• What you should do:
From the first line of the data below through the line bearing "Vestido algodão glow", reproduce each line exactly; do not include pictures.

• Dataset content:
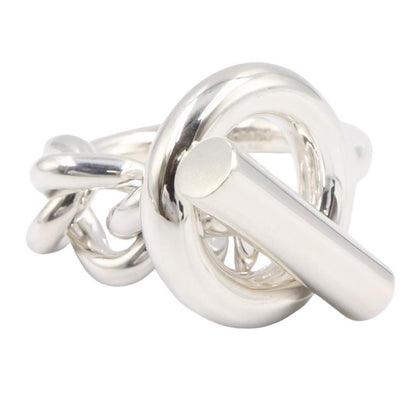 Hermes Ring Croisette 925 Sterling Silver — view 2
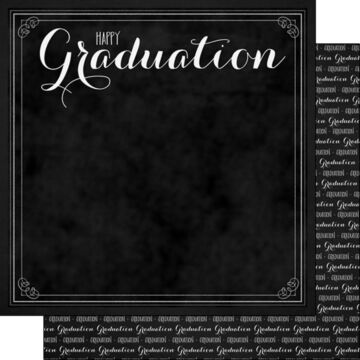 Scrapbook Customs HAPPY GRADUATION DS 12x12 PAPER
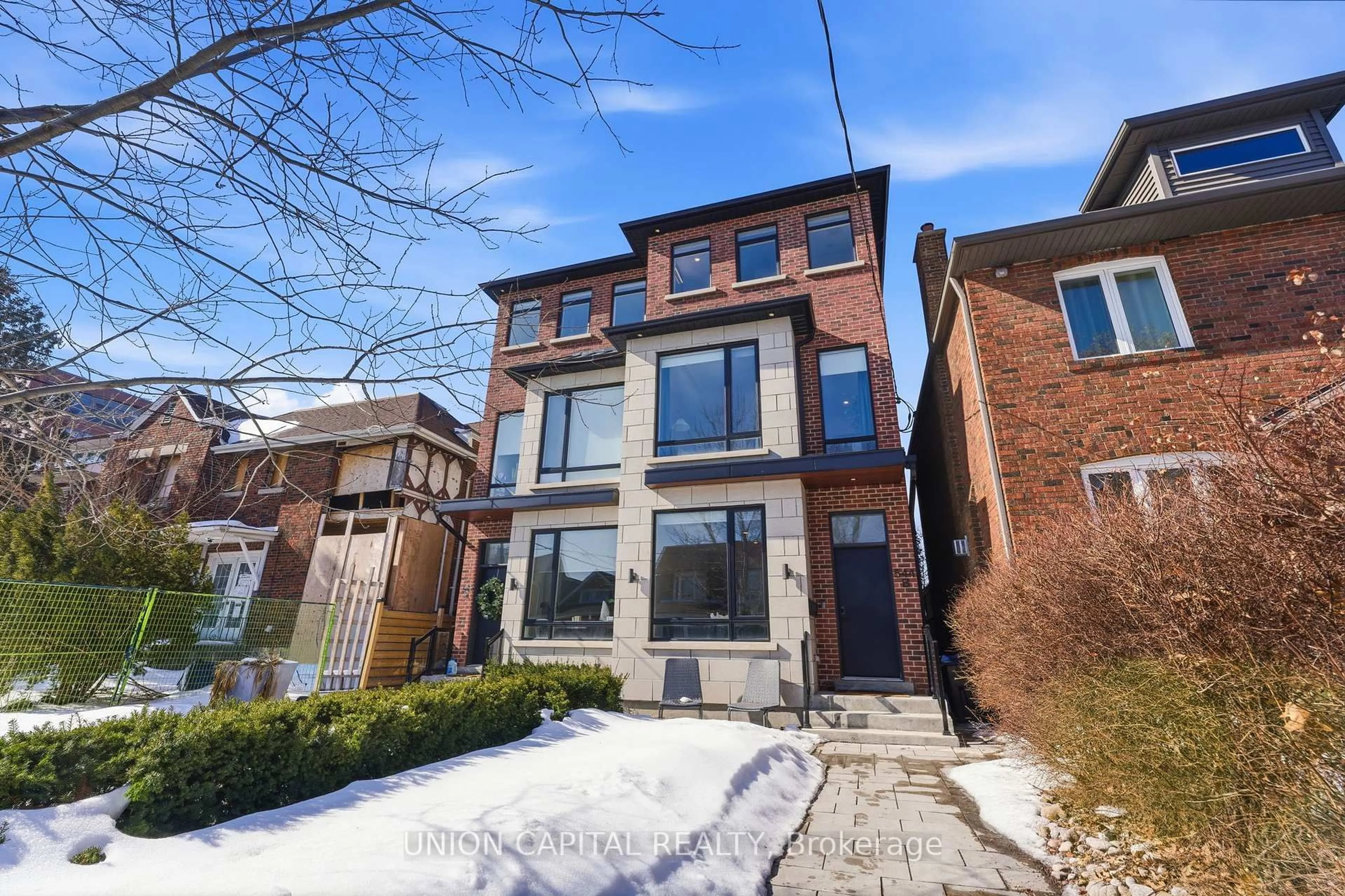 Home with brick exterior material, street for 544B Beresford Ave, Toronto Ontario M6S 3C3
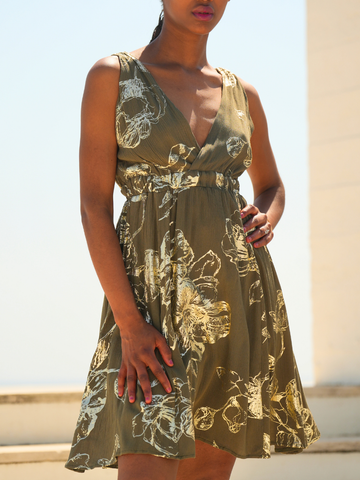 Vestido algodão glow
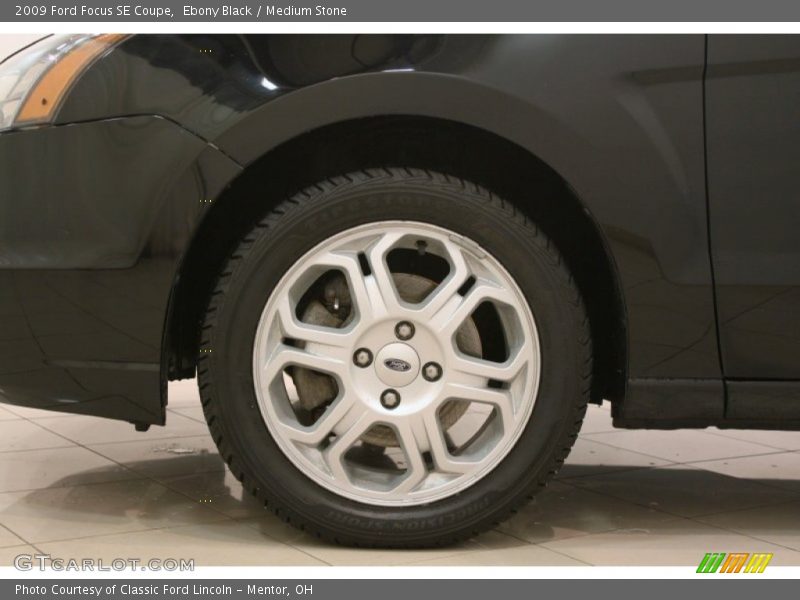 Ebony Black / Medium Stone 2009 Ford Focus SE Coupe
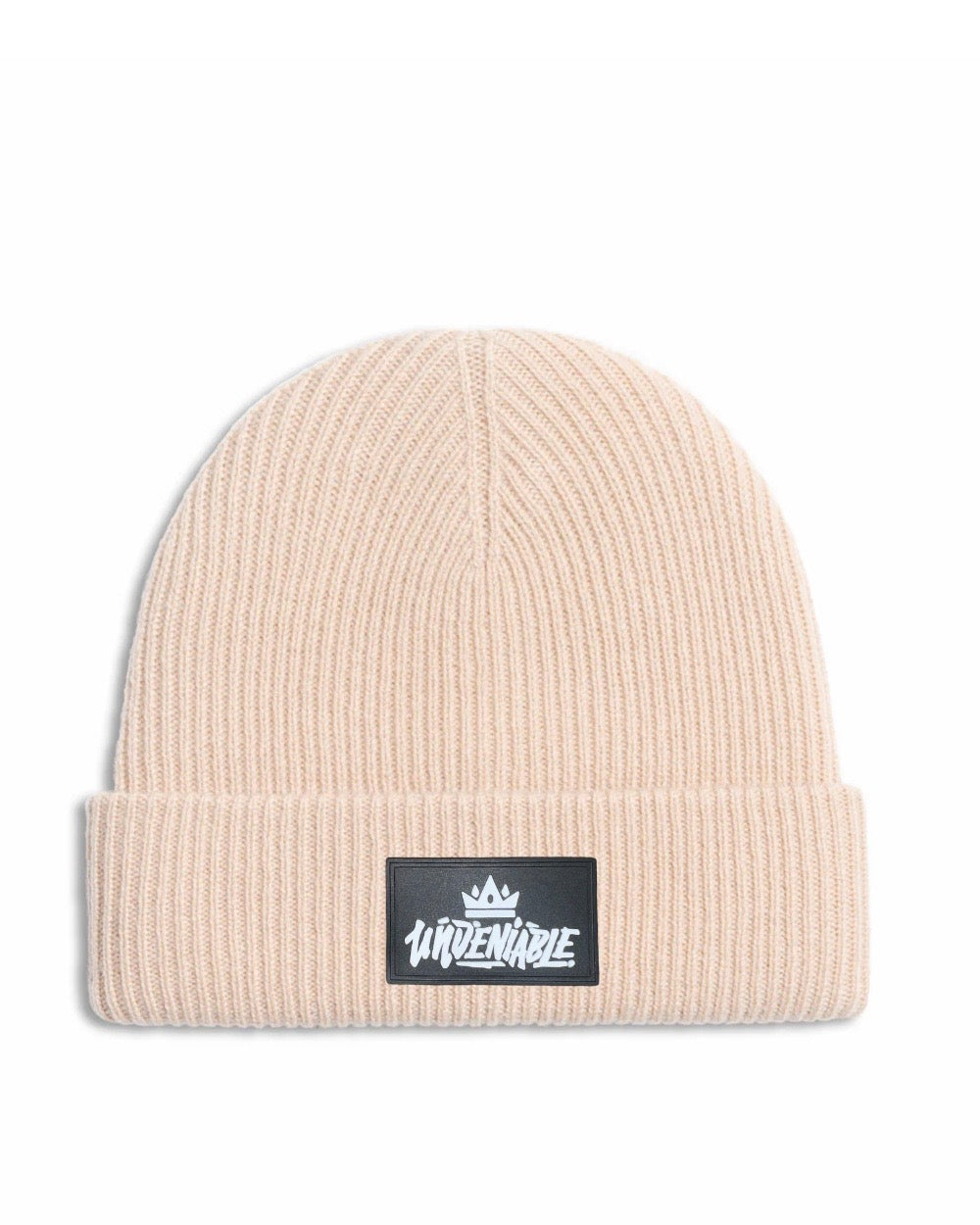 Cashmere Wool Beanie - Cream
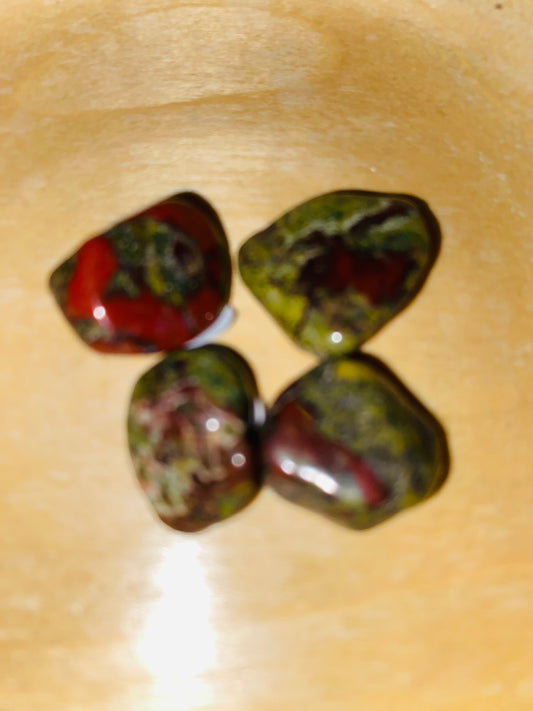 Bloodstone tumbles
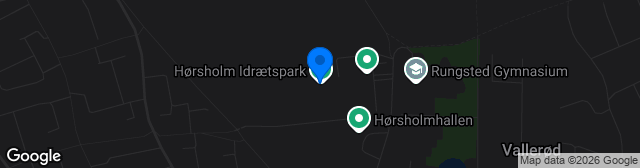 Map showing Hørsholm Idrætspark
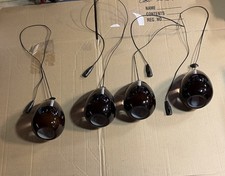 Alina Grande 4 Murano Pendant Lights in 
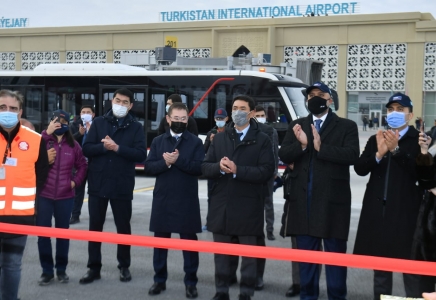 ​Түркістан халықаралық әуежайы алғашқы жолаушыларды қабылдады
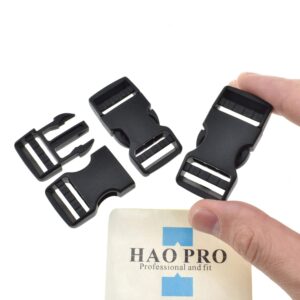 SGH Pro Quick Side Release Buckles 0.75' Wide Dual Adjustable Clips Snaps No Sewing Heavy Duty Plastic 3 Pack Replacement for Nylon Strap Webbing Survival Paracord Backpack Fanny Pack Waist Strap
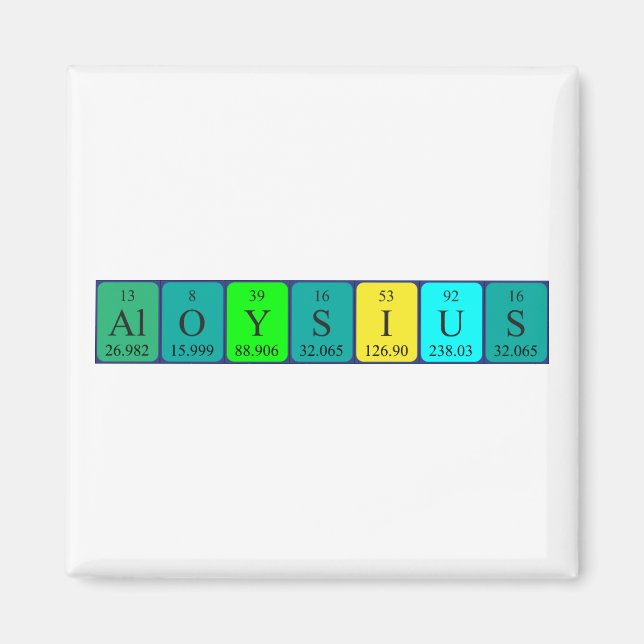 Aloysius periodic table name magnet (Vorne)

• Answer to the exercise:
 Hermes Ring Croisette 925 Sterling Silver — view 2
 Scrapbook Customs HAPPY GRADUATION DS 12x12 PAPER
 Home with brick exterior material, street for 544B Beresford Ave, Toronto Ontario M6S 3C3
 Vestido algodão glow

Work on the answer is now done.